Gonzalo Barrena
En el bar, el público de macropantalla esperaba con ansia el enfrentamiento entre el Liverpool y el Madrid. Hacía calor, la cerveza rodaba y una pareja se besaba con intensidad en los minutos previos al encuentro. El amor, el fútbol y el momento atizaban el horno de aquellos besos en medio de la expectación general. Un adolescente, que reparó en la concentración de la pareja, picó al de al lado con el codo, derramándole la bebida. Dos exabruptos y el partido comenzó.
Mayo terminaba sofocante y se veían muchos tatuajes sobre pieles aún sin tostar. Únicamente los brazos de paleta y andamio, como los del joven que se besaba, traían bien tomado el sol. Un pendiente circular, la camiseta y el modo de empuñar la jarra de cerveza, certificaban al joven dentro del pueblo que trabaja y vive el fútbol con pasión. Tanta que, cuando comenzó el partido, se abrió un hueco indiscutible entre él y su novia, partiéndole el corazón a favor de la hinchada. ¿Por qué el fútbol despierta tal adhesión?.
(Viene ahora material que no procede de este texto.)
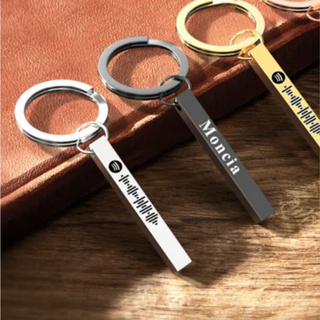 Chaveiro Com Código Spotify Escaneável Personalizado 3d Gravado Barra Vertical Chaveiro De Aço Inoxidável em Oferta na Shopee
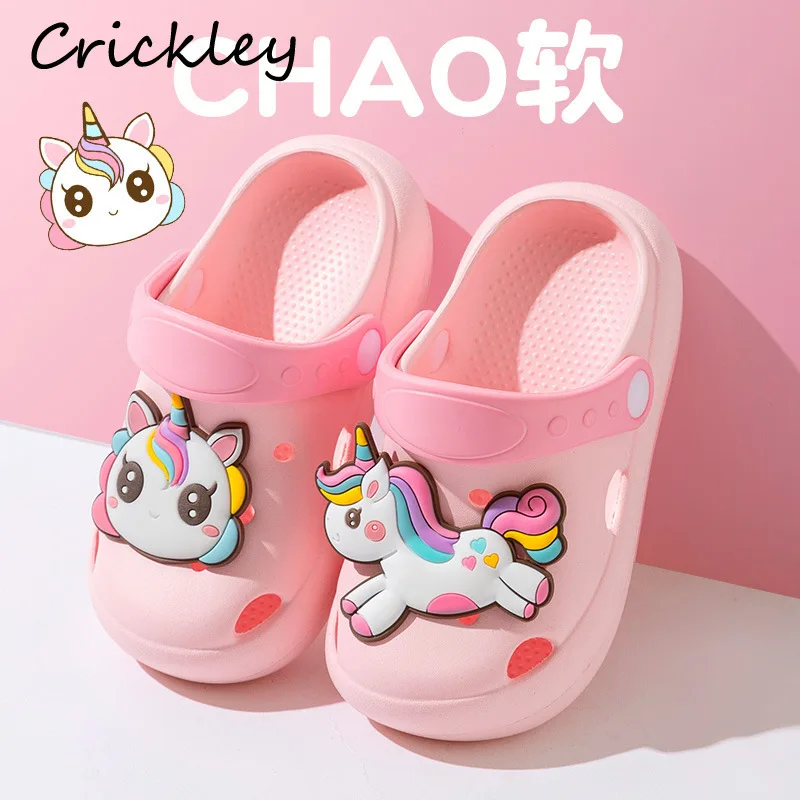 

Cartoon Unicorn Kids Slippers Summer Panda Dinosaur Clogs Shoes For Toddler Girls Boys EVA Waterproof Design Children Slippers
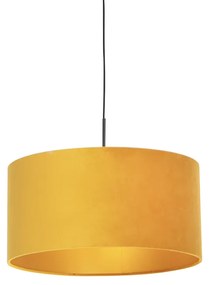 Lampă suspendată neagră cu abajur din catifea galbenă cu auriu 50 cm - Combi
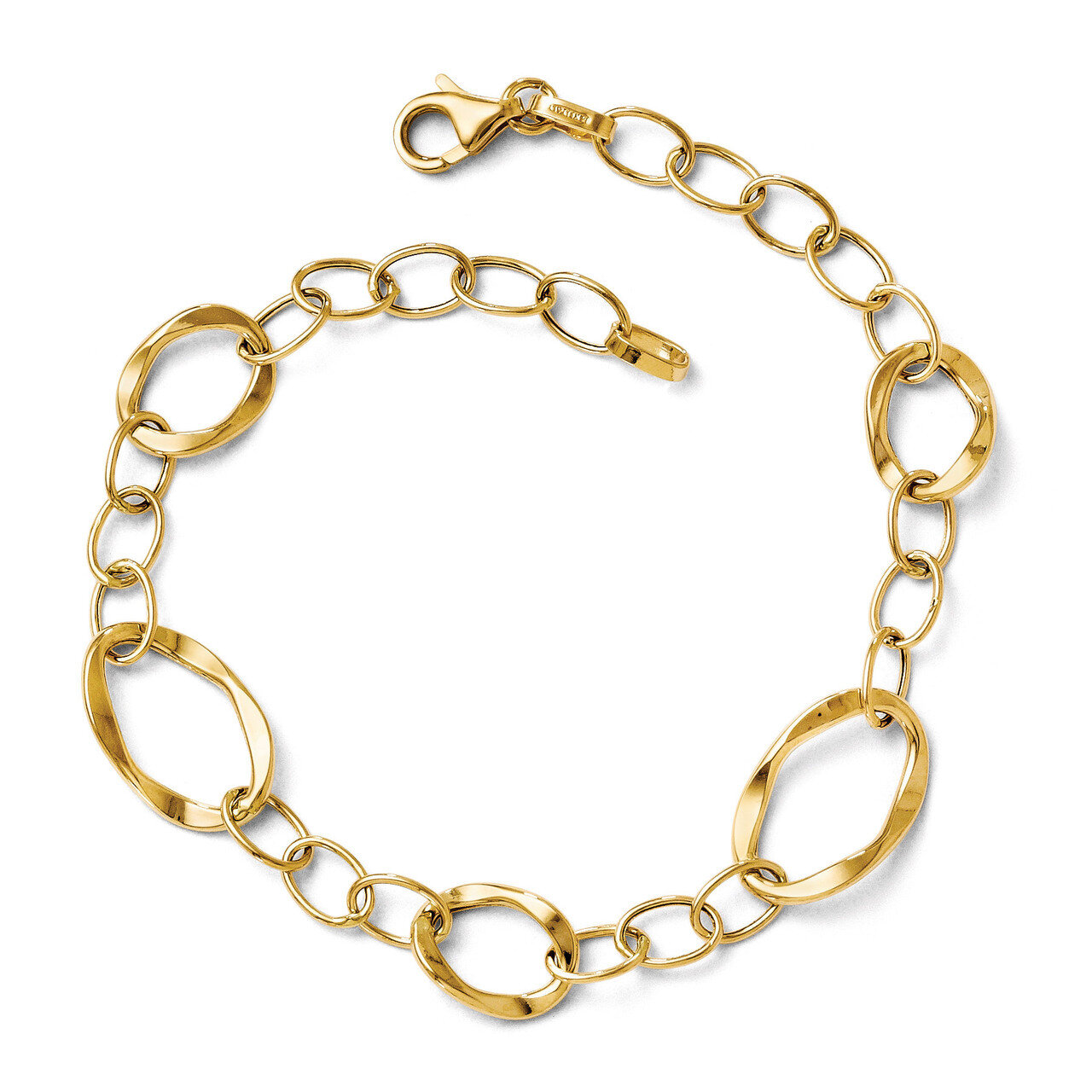 Polished Fancy Link Bracelet 7.25 Inch - 14k Gold HB-LF225-7.25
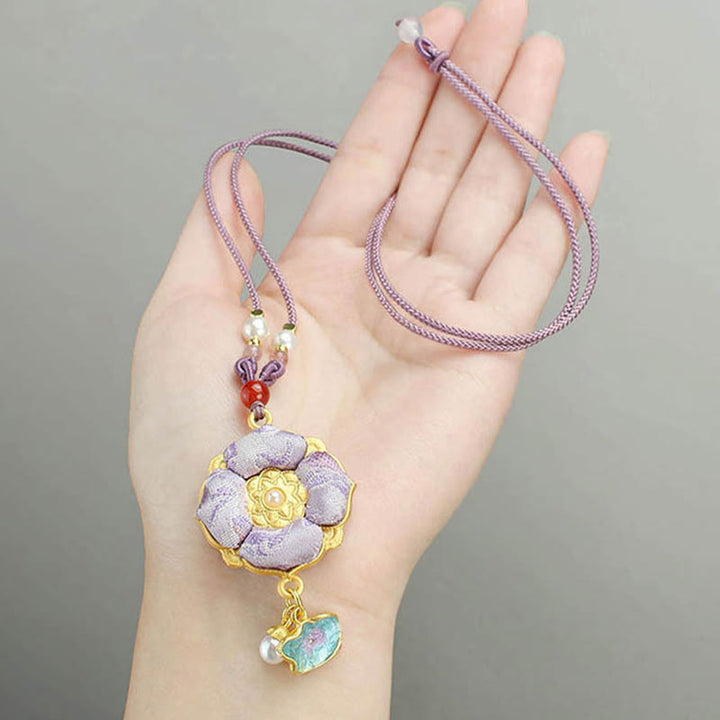 Buddha Stones Song Brocade Four-Leaf Clover Luck Necklace - image 12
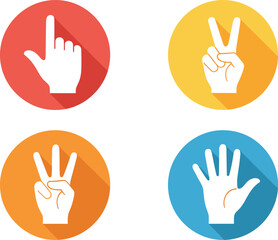 Obraz premium Hand Gesture Icons Set with One, Two, Three, and Five Fingers for Communication, Sign Language, and Symbol Concepts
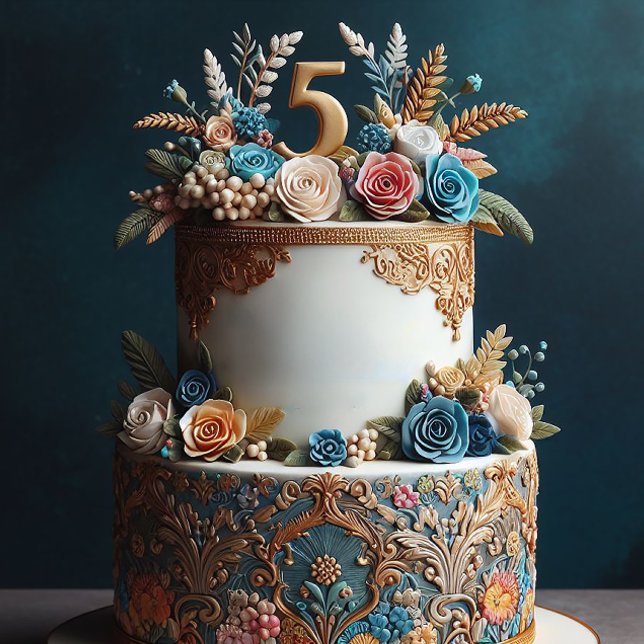 INVITATION SOPHISTIQUÉ COLORÉ 5E ANNIVERSAIRE MARIAGE (Créateur téléchargé)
Los negocios se desenvuelven en medio de la niebla. La política al uso, también. Y los que trabajan apenas tienen tiempo para seguirla, ni humor para soportar la “lengua de madera” de los telediarios, seca y torpe, carente de sentido entre quienes acaban la jornada con el cuerpo cansado. En cambio, el fútbol es transparente. En la final de este sábado todos veían los aciertos, los fallos, cómo jugaba cada quién y especialmente el belga Thibaut Courtois, con treinta años recién cumplidos, despejando. En las antípodas de la política, cuando alguien no funciona en el campo, todo el mundo lo percibe y el responsable va al banquillo. Por el contrario, en el palco del poder, los errores van a cuenta del pueblo y la famiglia hereda solamente los privilegios.
Por eso abajo, sobre el césped, donde los gladiadores se juegan la vida -profesional- a cada encuentro bajo la mirada cínica de oligarcas y reyes, su lucha compone durante 90 minutos la realidad y sueño de los hinchas.